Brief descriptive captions
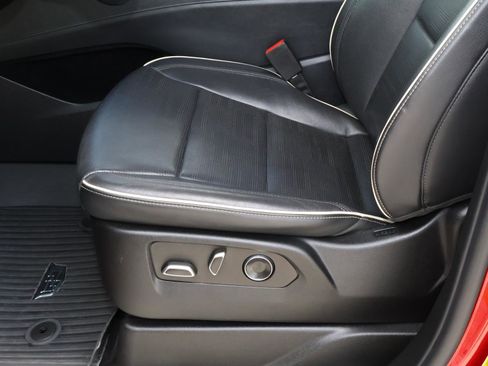 Used 2023 Cadillac Escalade Premium Luxury w/ LPO, Illumination Package image 21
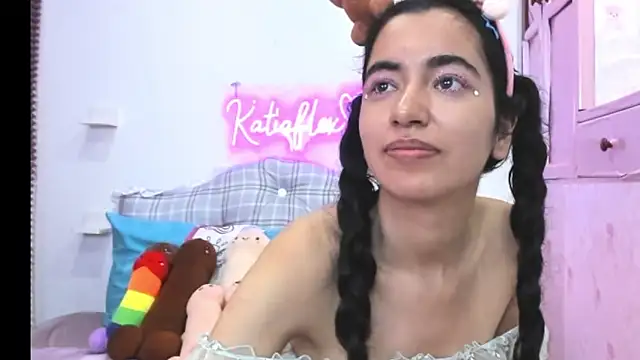 Katiaflex online show from February 6, 2025, 2:22 am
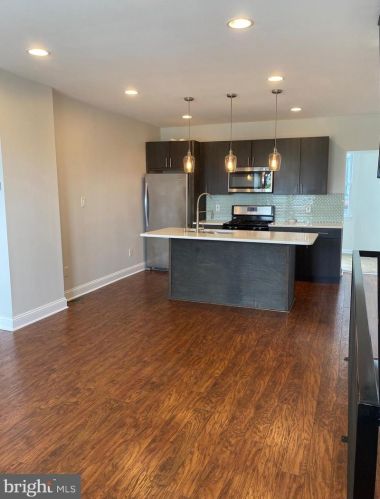 2639 Aramingo Ave, Philadelphia PA  19125-2331 exterior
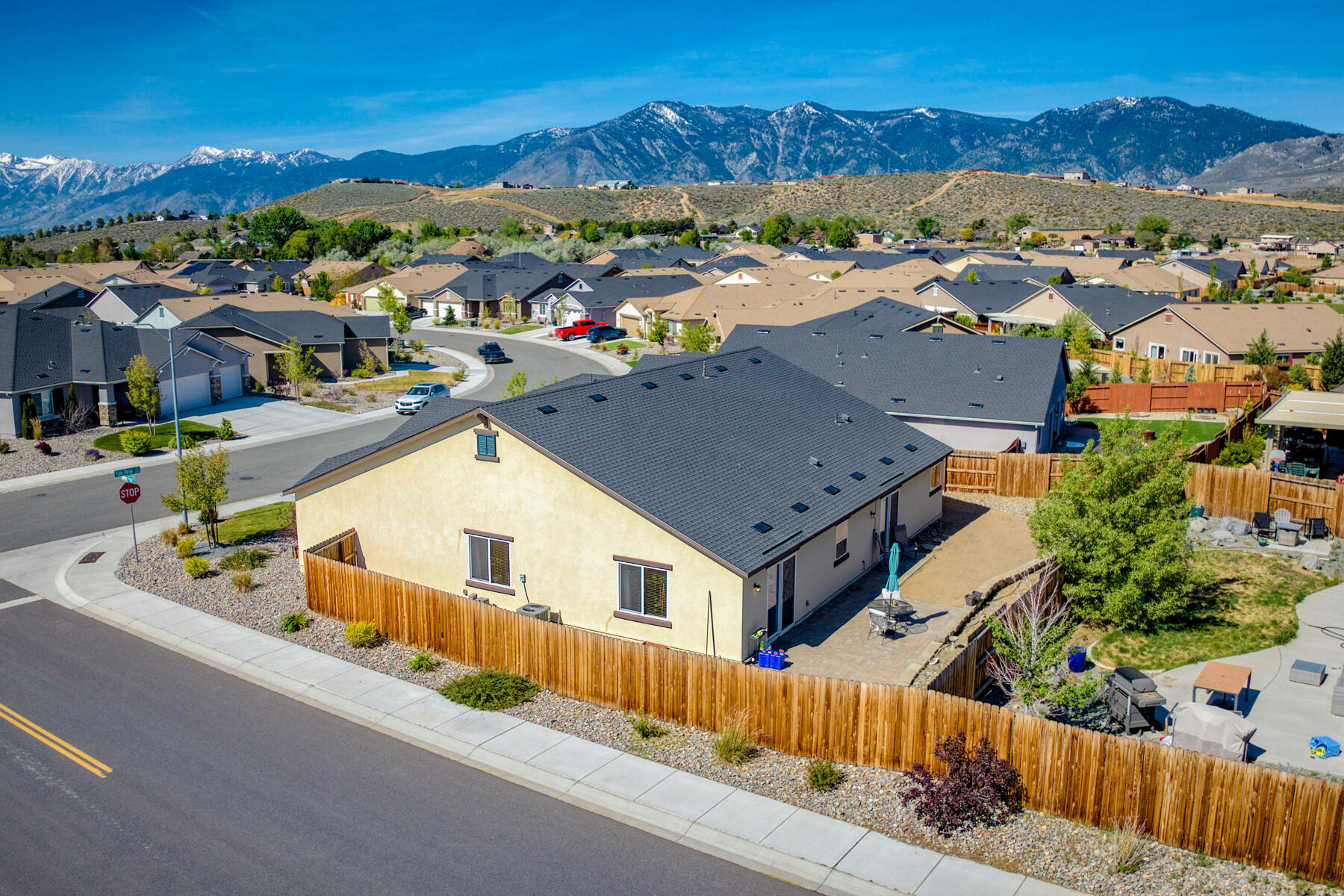 1390 Tule Peak Circle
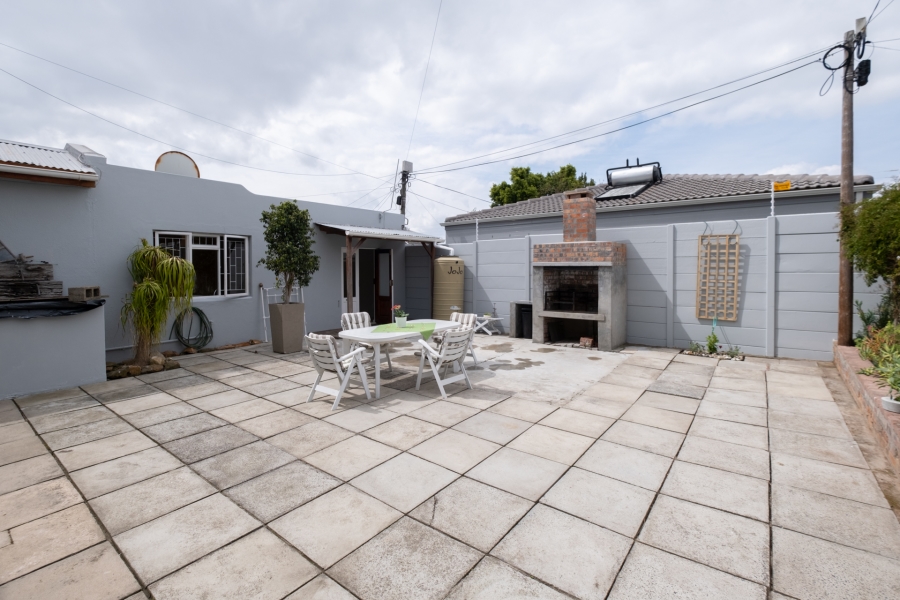 1 Bedroom Property for Sale in Plumstead Western Cape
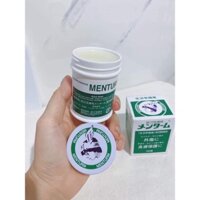 Dầu cù là Menturm Nhật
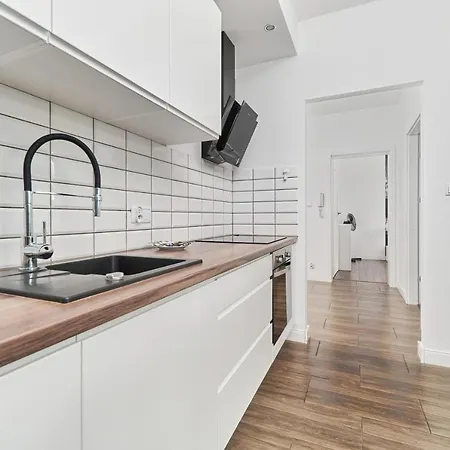 Odra Tower By Renters *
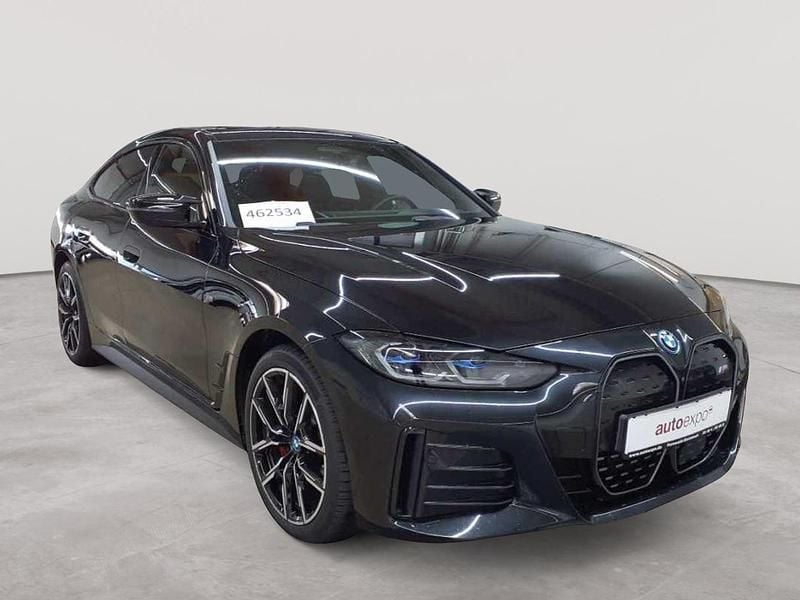 Saphirschwarz metallic Gebraucht 2023 BMW i4 Shadowline Limousine | 49.990 € (Guter Preis) - Bild 1/4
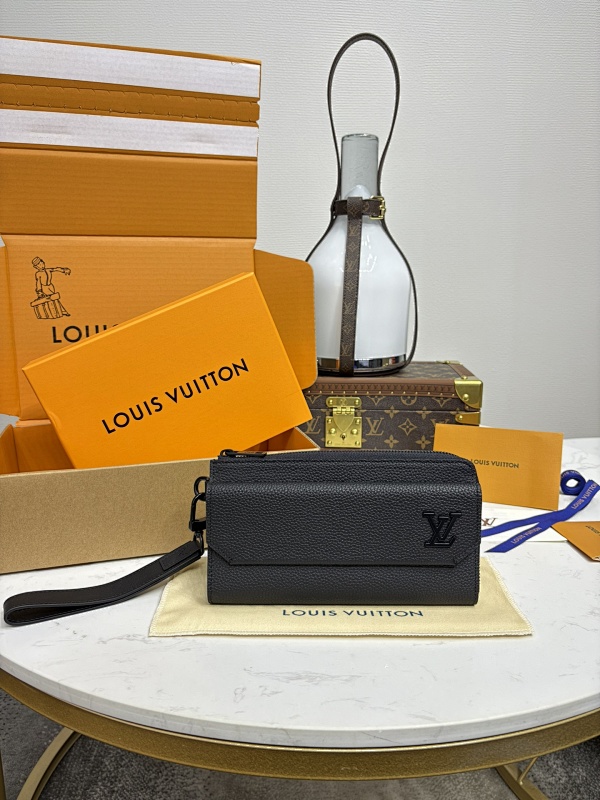 Louis Vuitton Aerogram Long Wallet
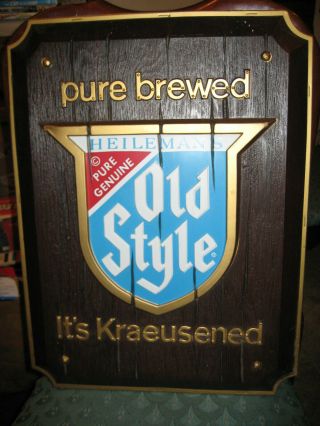 1973 Old Style Pure Brewed Beer Plastic Bar Sign " It 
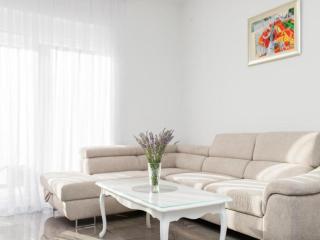 Mihael Holiday House - Three Bedroom Holiday Home with jacuzzi - Zadar - 7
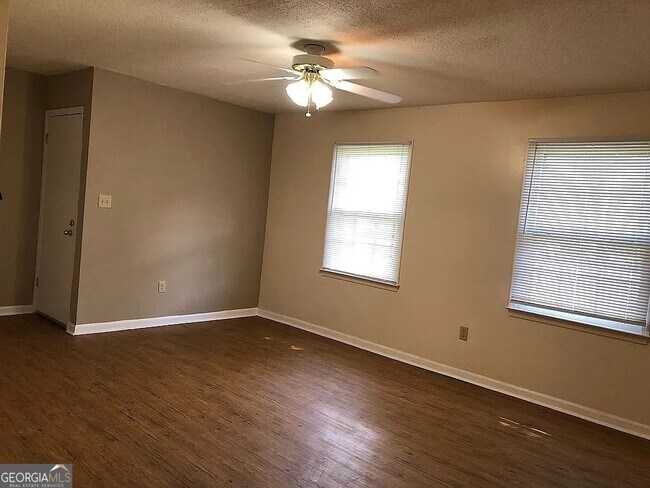 Photo - 370 Jockey Club Dr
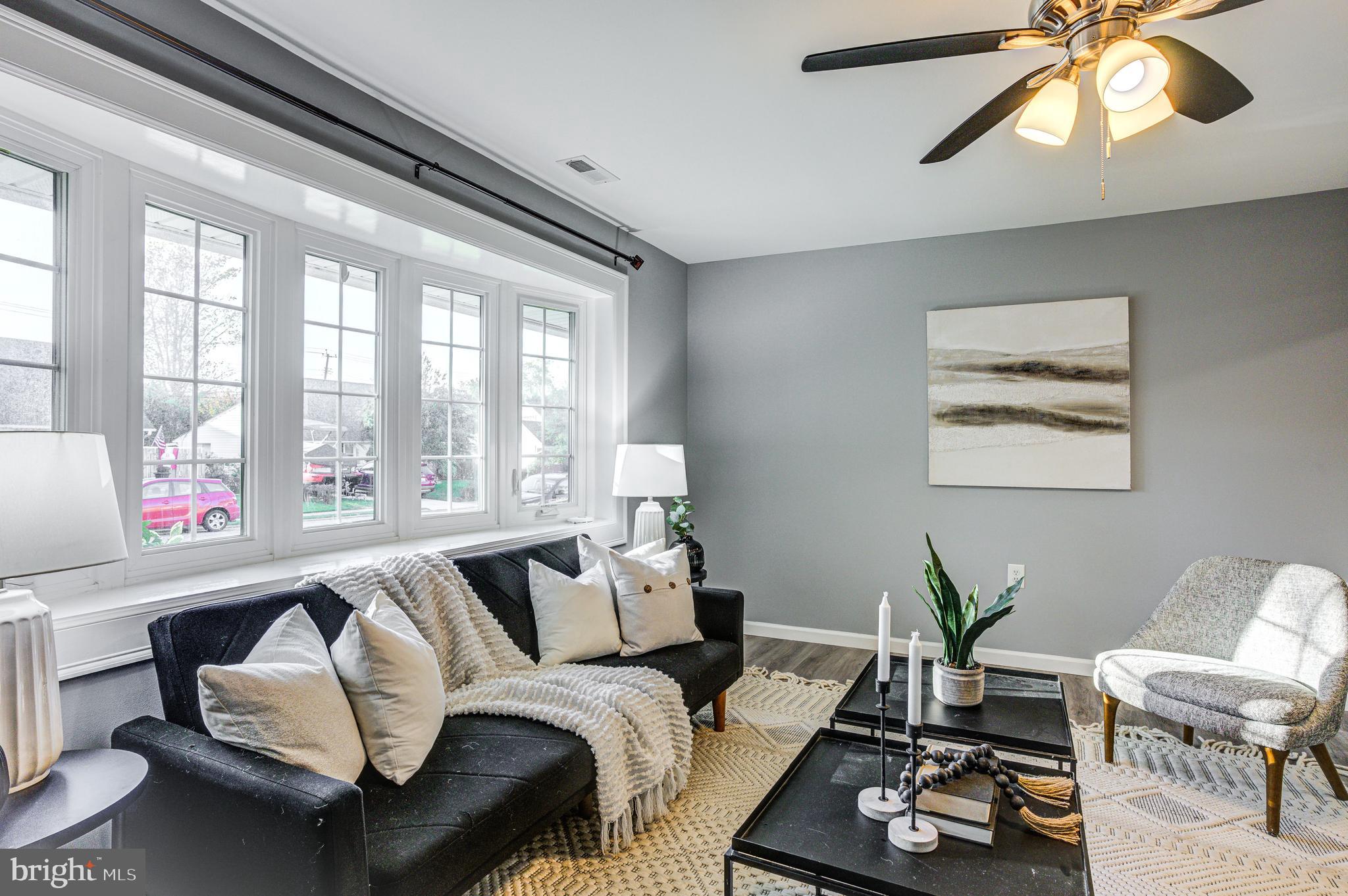 COUNTRY CLUB ESTATES - Residential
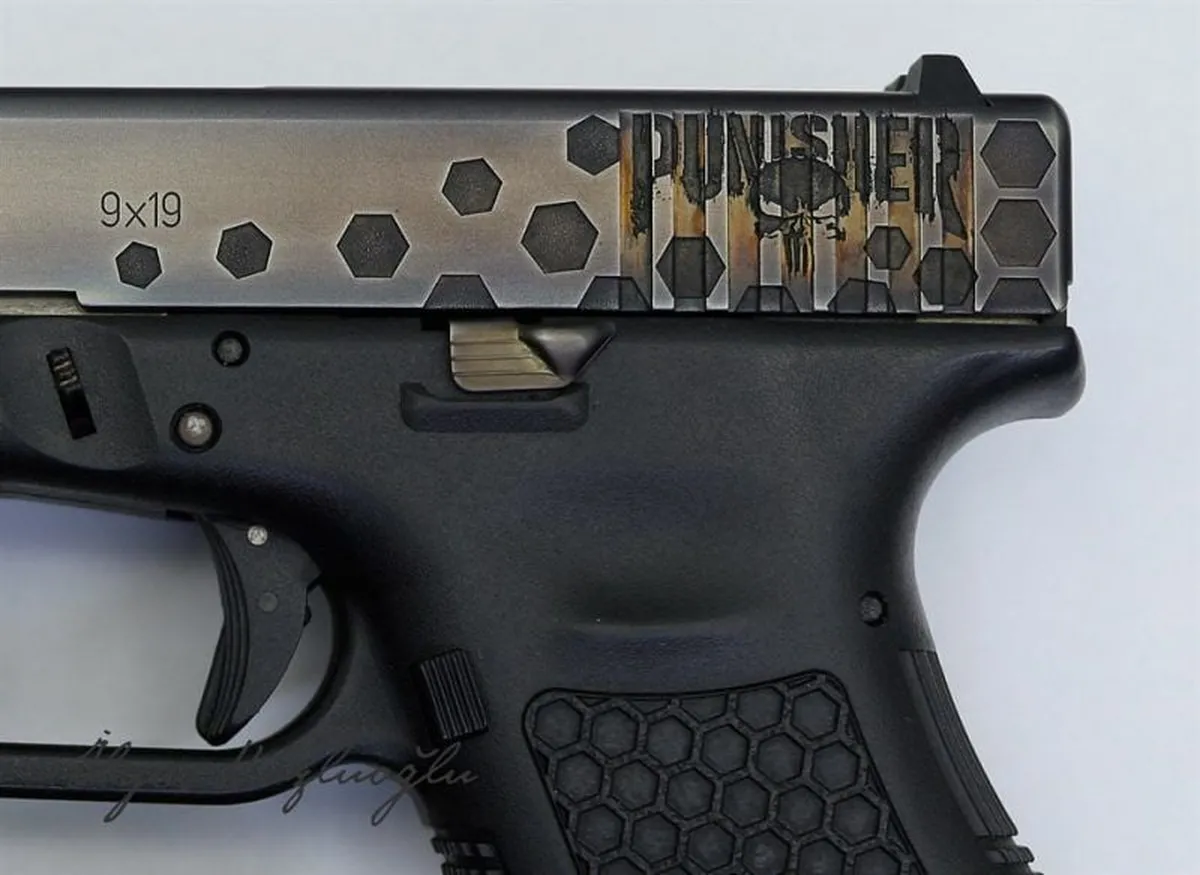 Glock 19C The Punisher Detay 3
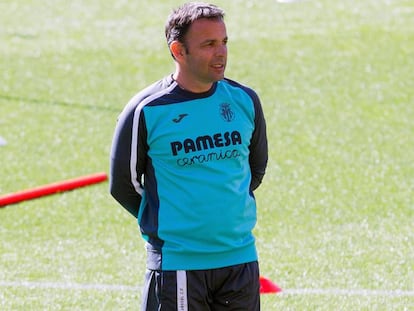 Javier Calleja, durante un entrenamiento del Villarreal el pasado mes de abril.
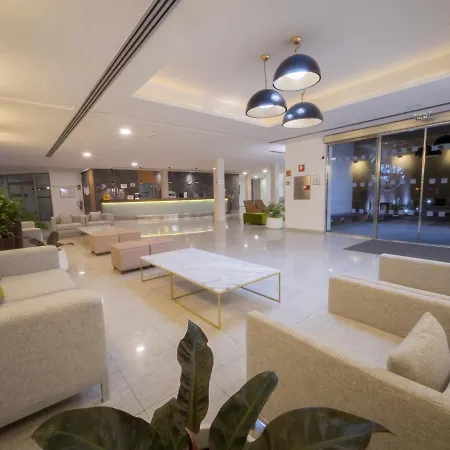 لانثاروتيه فيليدج فندق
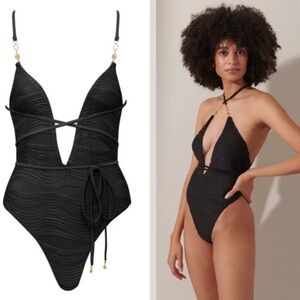 New! Bluebella Black Orta Multi-Way Plunge Swimsuit 2288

Work instruction: Repeat the data in full, exactly as it stands, but drop every picture.

Answer to the problem:
 Used 2023 Cadillac Escalade Premium Luxury w/ LPO, Illumination Package image 21
 Katiaflex online show from February 6, 2025, 2:22 am
 2639 Aramingo Ave, Philadelphia PA  19125-2331 exterior
 1390 Tule Peak Circle
 1 Bedroom Property for Sale in Plumstead Western Cape
 Dầu cù là Menturm Nhật
 Odra Tower By Renters *
 Saphirschwarz metallic Gebraucht 2023 BMW i4 Shadowline Limousine | 49.990 € (Guter Preis) - Bild 1/4
 Louis Vuitton Aerogram Long Wallet
 1973 Old Style Pure Brewed Beer Plastic Bar Sign " It 
 Mihael Holiday House - Three Bedroom Holiday Home with jacuzzi - Zadar - 7
 Photo - 370 Jockey Club Dr
 COUNTRY CLUB ESTATES - Residential
 Glock 19C The Punisher Detay 3
 Javier Calleja, durante un entrenamiento del Villarreal el pasado mes de abril.
 لانثاروتيه فيليدج فندق
 New! Bluebella Black Orta Multi-Way Plunge Swimsuit 2288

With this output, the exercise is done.